29. Having come to the conclusion that Section 14(1) of the Hindu Succession Act is inapplicable to the facts of the case, I am left with no other option than to apply Section 14(2) of the Act. If I apply Section 14(2) of the Act, then automatically the plaintiffs will be entitled to a share. As seen from above, both Section 97 and Section 105 of the Indian Succession Act being applicable, the ground on which the plaintiffs were non-suited by the lower appellate court would have to be set aside. 30. Before, I part with the case, since I upheld the right of the plaintiffs, it is still my duty to deal with the right of S.N.Kandasamy. S.N.Kandasamy has purchased the right of D6 to D9 who are the life estate holders. Therefore, as long as D6 to D9 are alive, the purchase made by Kandasamy is valid. In other words, the sale made under Ex.A3 is coterminus with the lifetime of D6 to D9. The right of the residence of the four daughters and the purchaser cannot be interfered with as long as they are alive. 31. In fine, second appeal is allowed. The suit O.S.No.663 of 2004 shall stand decreed as prayed for and the judgment and decree of the lower appellate court in A.S.No.149 of 2007 dated 26.04.2013 is set aside. Cost throughout. 32. The learned Trial Judge is directed to follow the verdict of the Supreme Court in Shub Karan Bubna v.

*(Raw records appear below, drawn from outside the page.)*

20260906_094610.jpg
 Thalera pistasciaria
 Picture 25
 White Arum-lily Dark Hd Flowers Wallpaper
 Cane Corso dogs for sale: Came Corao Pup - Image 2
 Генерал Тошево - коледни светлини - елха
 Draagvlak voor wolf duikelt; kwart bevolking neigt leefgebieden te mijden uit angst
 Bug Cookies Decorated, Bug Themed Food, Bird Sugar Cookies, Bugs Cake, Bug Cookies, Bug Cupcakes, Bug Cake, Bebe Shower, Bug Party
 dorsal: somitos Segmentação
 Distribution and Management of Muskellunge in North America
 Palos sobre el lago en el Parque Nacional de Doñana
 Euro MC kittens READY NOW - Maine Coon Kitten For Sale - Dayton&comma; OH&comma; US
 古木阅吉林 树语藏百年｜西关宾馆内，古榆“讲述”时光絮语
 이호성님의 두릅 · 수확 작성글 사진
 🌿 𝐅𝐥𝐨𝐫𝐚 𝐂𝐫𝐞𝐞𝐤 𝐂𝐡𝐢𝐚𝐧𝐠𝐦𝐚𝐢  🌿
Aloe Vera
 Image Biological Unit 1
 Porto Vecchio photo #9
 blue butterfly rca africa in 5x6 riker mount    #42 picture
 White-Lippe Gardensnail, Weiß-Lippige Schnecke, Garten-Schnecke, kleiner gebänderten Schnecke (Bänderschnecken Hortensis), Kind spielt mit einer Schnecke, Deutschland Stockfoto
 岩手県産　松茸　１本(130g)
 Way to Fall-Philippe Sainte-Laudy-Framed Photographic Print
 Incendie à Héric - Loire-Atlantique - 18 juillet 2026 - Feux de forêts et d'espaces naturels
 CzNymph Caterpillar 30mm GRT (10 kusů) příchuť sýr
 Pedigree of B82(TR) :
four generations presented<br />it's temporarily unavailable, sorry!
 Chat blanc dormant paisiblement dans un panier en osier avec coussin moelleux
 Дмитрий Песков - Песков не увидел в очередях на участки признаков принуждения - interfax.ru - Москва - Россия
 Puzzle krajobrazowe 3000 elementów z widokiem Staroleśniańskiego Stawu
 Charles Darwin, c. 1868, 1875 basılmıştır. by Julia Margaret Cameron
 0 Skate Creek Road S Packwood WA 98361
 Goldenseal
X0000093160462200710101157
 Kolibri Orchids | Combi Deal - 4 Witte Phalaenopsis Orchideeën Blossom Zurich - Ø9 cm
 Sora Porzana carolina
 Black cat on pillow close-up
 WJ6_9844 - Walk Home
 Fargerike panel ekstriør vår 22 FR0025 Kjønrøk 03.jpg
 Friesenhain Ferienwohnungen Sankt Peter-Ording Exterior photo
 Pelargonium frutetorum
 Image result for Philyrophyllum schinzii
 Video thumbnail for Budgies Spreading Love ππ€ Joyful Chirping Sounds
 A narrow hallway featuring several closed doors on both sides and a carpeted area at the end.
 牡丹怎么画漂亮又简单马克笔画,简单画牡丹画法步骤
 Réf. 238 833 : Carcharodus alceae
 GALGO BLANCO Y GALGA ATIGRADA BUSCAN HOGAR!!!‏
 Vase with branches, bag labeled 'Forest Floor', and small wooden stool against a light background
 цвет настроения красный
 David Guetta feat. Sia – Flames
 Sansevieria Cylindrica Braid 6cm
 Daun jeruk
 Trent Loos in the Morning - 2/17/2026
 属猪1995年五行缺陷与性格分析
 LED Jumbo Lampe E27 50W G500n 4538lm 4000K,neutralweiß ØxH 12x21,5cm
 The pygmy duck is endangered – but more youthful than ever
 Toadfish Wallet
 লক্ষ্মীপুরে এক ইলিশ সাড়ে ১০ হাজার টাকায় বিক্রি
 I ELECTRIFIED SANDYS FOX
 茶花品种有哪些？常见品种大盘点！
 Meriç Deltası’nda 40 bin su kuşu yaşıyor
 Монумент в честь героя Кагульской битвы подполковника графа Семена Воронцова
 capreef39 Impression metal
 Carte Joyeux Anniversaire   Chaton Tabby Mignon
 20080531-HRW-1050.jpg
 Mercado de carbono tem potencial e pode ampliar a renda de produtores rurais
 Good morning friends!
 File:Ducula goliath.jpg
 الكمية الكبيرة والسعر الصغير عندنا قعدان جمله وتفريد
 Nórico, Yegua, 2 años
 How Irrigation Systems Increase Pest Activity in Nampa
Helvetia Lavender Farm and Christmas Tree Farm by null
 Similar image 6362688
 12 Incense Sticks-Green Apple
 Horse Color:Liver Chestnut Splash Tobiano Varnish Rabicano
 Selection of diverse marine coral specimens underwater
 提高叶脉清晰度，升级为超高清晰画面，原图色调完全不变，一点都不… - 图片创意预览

Sita Saran Bubna, (2009) 9 SCC 689 . It need not wait for an application for final decree from any of the parties. It shall fix a date and issue notice to all the parties in the suit calling upon them to appear before the court for the purpose of appointing an advocate commissioner to suggest the mode of revision, of course, subject to the right of residence of D6 to D9 and through them to D10.